The opinion of the court was delivered by: Moran, District Judge.
In counts 1 and 2 of the complaint the State charges that the
Federal Reserve Bank and Merchandise National Bank violated their
warranties of good title under the Uniform Commercial Code when
presenting the checks with forged endorsements for payment.

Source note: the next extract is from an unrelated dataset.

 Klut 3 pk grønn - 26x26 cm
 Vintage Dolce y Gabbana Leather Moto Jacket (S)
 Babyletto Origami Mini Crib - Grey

Ill.Rev.Stat., ch. 26, §§ 3-417(1)(a), 4-207(1)(a).*fn1 In count
3 the State charges Merchandise National Bank with violating an
express guarantee of the genuineness of the prior endorsements on
the checks. The State seeks the amount it paid on the checks,
prejudgment interest and costs.
The State argues that this court has subject matter
jurisdiction over the Federal Reserve Bank under 12 U.S.C. § 632,
which reads in pertinent part:
Notwithstanding any other provision of law, all suits
of a civil nature at common law or in equity to which
any Federal Reserve bank shall be a party shall be
deemed to arise under the laws of the United States,
and the district courts of the United States shall
have original jurisdiction of all such suits; and any
Federal Reserve bank which is a defendant in any such
suit may, at any time before the trial thereof,
remove such suit from a State court into the district
court of the United States for the proper district by
following the procedure for the removal of causes
otherwise provided by law. No attachment or execution
shall be issued against any Federal Reserve bank or
its property before final judgment in any suit,
action, or proceeding in any State, county,
municipal, or United States court.
We agree. The state also requests the court to exercise pendent
party jurisdiction over Merchandise National Bank. This we
decline to do.
Defendants' argument that this court lacks subject matter
jurisdiction over the claim against the Federal Reserve Bank can
be disposed of quickly. Their position is that § 632 only confers
jurisdiction over "civil" suits against or on behalf of federal
reserve banks. An action under the U.C.C. is not a "civil" action
they claim. Hence, the argument goes, this court has no subject
Section 632 applies, however, to "all suits of a civil nature"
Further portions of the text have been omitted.